6) After all the awesome attackers we almost signed this year, I told you I wouldn’t get too excited about the team’s newest high-profile signing until he’d actually landed at the Portland airport. Welp...
A few supporters just met Brian Fernández at @FlyPDX to welcome him to #SoccerCityUSA. Bienvenidos a Portland. #RCTID pic.twitter.com/5ah7ShQqhh— Timbers Army (@timbersarmy) May 7, 2019
Welcome to the team Brian Fernandez! (And look at that, your name’s bolded now, just like the rest of the roster. That’s gotta feel good.)
My main thought on Fernandez – which you’ve heard before – is that he better not send Jeremy Ebobisse to the bench. But the truth is, I don’t think he will. Maybe he’ll occasionally play the 9, if Jebo needs a rest, but I think (and hope, and pray) he’ll be on the right wing, replacing Andres Flores/Andy Polo/Dairon Asprilla/Insert Your Favorite Non-Goal-Dangerous Winger Here.
Here’s a good question for us to chew on: what would make Fernandez’s first year a success? Five goals? 10? 15?
Let’s start by looking at our previously biggest mid-season attacking addition, Fanendo Adi, who arrived in May of 2014. How many goals did Adi have that first half-season?
24 games, 18 starts, 9 goals, 4 assists. That’s a hell of a first half-season.
Now, let’s narrow it down to Adi’s first five games.
Adi’s first appearance was on May 17. He subbed in for seven minutes and got an assist. In his next game, he played six minutes, but didn’t register any stats at all. In his third game, shit got real. He started, played the full 90 minutes, and registered 4 shots, 3 shots on goal, and 2 goals. He got an assist in his next game (a substitute appearance), and in the game after that (his second start), he had his second brace.
Two braces in his first two starts? That’s an incredible start, and an incredible first impression to make on a team’s fanbase. If I recall correctly, the title of that week’s Six Degrees was “Fanendomania!”
Is that what we’re expecting from Brian Fernandez? Do we expect him to knock our socks off right from the start like Adi did? Two braces in his first two starts? Nine goals in his first half-season?
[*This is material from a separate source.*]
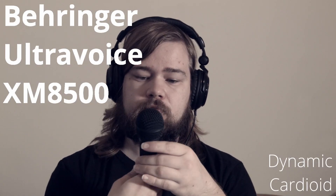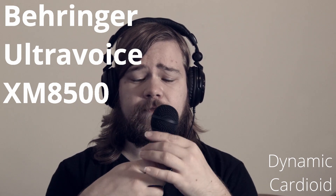We start with the Behringer Ultra Voice XM8500. This Behringer is a dynamic microphone and it has some sort of cardioid pattern, but it's not specified exactly. The manual is very short and there's not much to it, so we'll just have to try how it works.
To a certain degree, I think that is what we’ll be expecting, at least subconsciously. Oh sure, we’ll say things like “oh, you know, go easy on the guy, it takes time to adjust to a new team, a new league, a new country,” but in the back of our head, we’ll be thinking of Adi’s start, and judging Fernandez based on that.
Is that fair? I honestly have no idea. Because, you know, it really does take time to adjust to a new team, a new league, and a new country. But if Adi did it, maybe Fernandez should, too. Or maybe not. I can’t decide.
One advantage Fernandez has over Adi? He won’t have to deal with all the long road trips every new MLS player has to adjust to. Arriving just in time for a long, long stretch of home games can only help Fernandez this year. It certainly helped Wayne Rooney last year in DC.
What do you think? What should our expectations be for our newest attacker? Let’s talk about it down in the comments.